• [What is expected]
Output word for word the lines from the one with "Selinum carvifolia (L.)" to the final line of the data, both ends included, but skip the pictures.
=== Data for this exercise ===
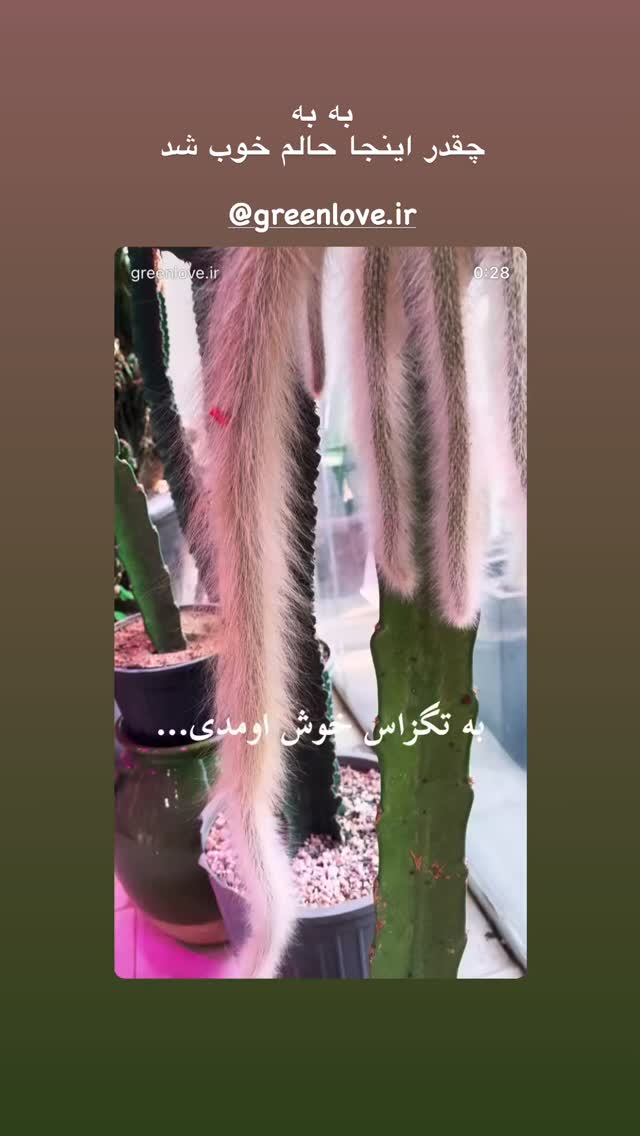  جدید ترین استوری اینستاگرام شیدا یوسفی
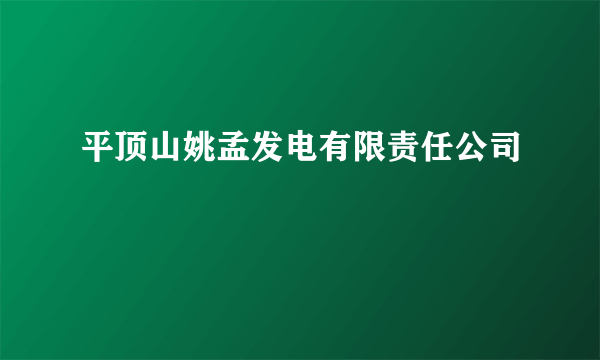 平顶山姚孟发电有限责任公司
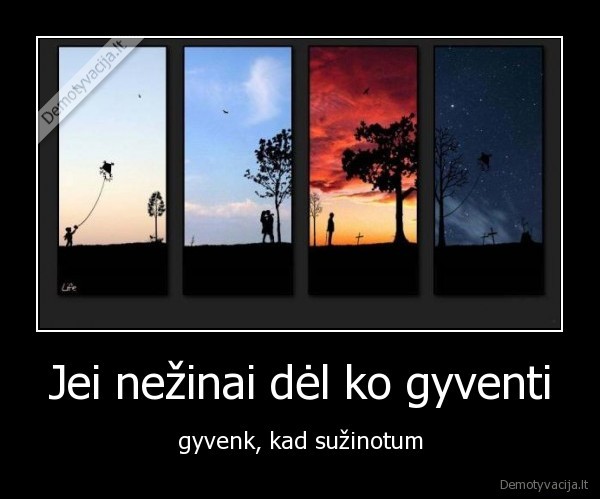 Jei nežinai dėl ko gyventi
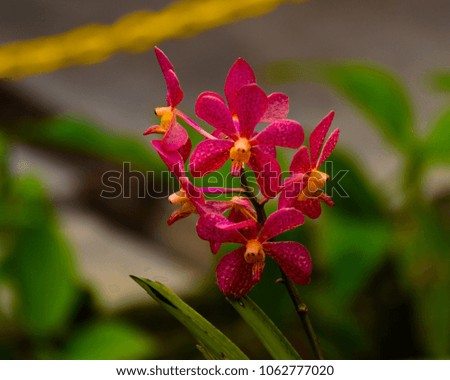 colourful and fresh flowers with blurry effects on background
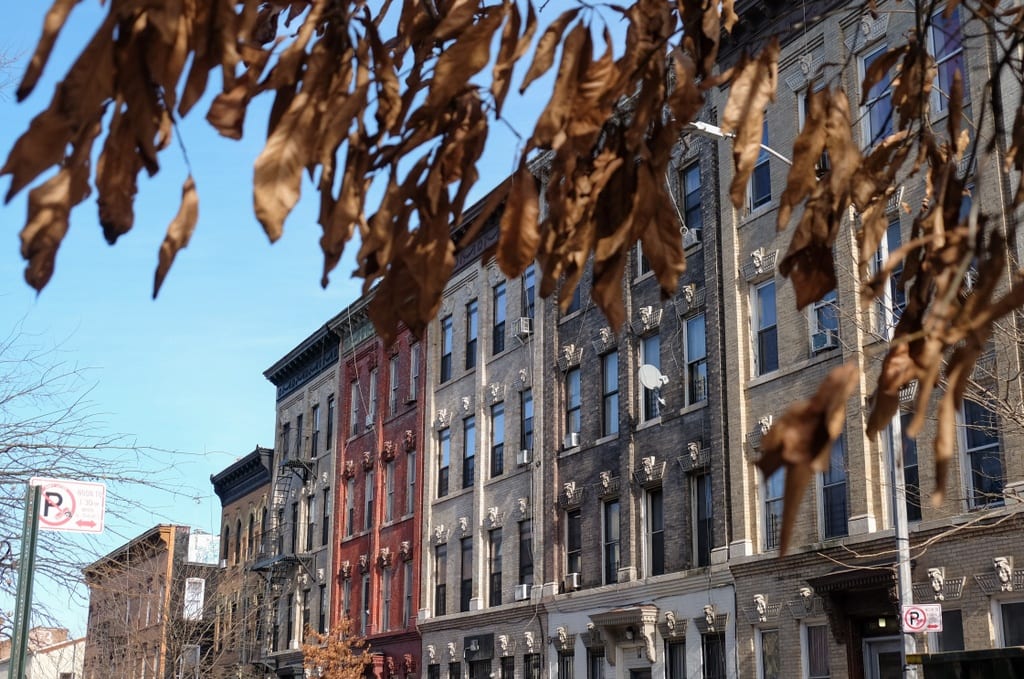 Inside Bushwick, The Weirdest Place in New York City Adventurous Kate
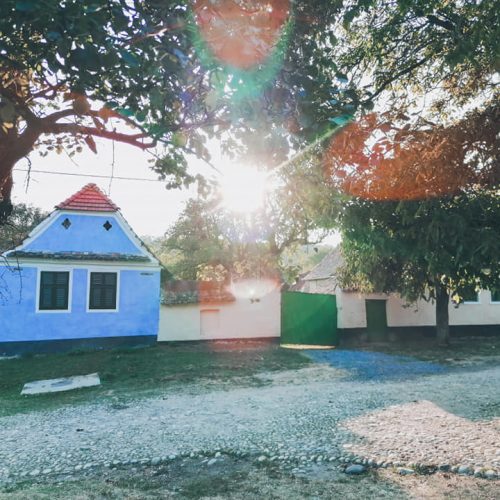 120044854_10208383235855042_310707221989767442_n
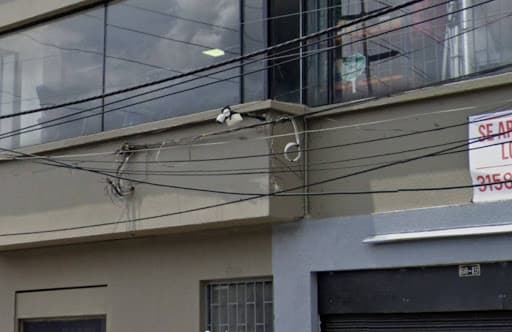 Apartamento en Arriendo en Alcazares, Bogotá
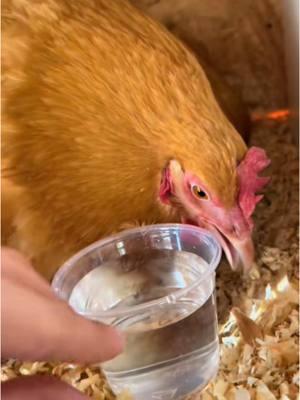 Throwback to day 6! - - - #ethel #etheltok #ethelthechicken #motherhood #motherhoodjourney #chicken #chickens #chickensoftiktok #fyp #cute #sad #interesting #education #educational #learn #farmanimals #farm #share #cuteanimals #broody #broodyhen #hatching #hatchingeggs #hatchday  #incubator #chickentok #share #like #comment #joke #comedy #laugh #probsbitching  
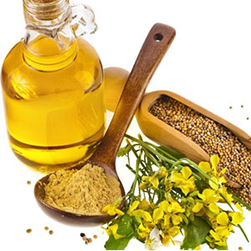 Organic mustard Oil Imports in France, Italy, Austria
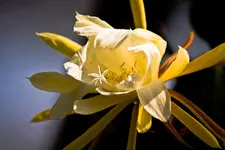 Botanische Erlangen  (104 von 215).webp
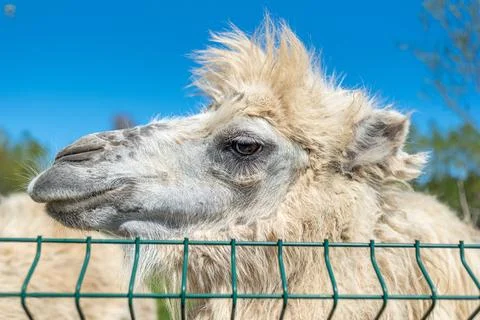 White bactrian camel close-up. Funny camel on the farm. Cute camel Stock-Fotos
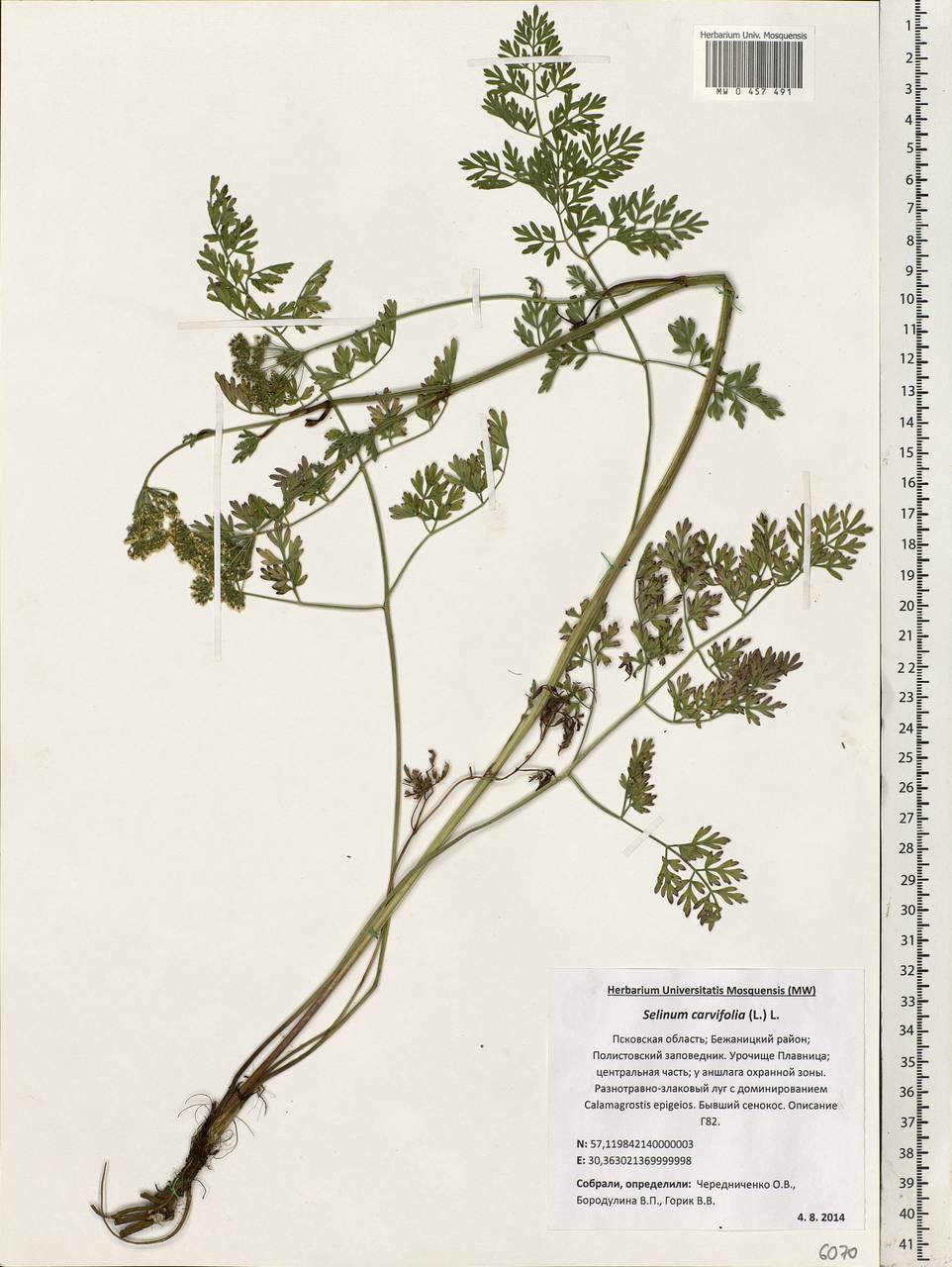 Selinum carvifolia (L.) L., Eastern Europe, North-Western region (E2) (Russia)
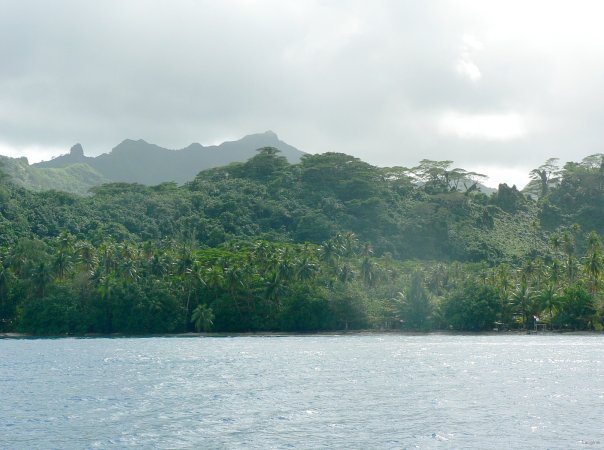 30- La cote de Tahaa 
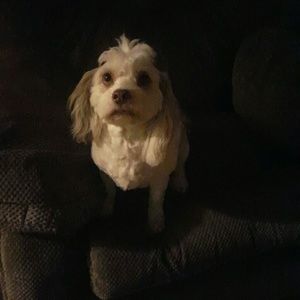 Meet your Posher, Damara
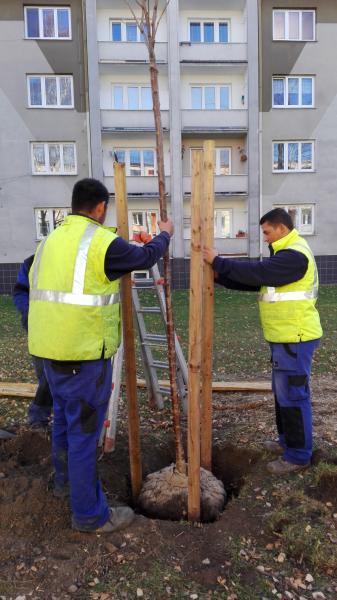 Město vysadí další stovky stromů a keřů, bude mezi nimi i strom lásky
===
• [Finished task]
 Selinum carvifolia (L.) L., Eastern Europe, North-Western region (E2) (Russia)
 30- La cote de Tahaa 
 Meet your Posher, Damara
 Město vysadí další stovky stromů a keřů, bude mezi nimi i strom lásky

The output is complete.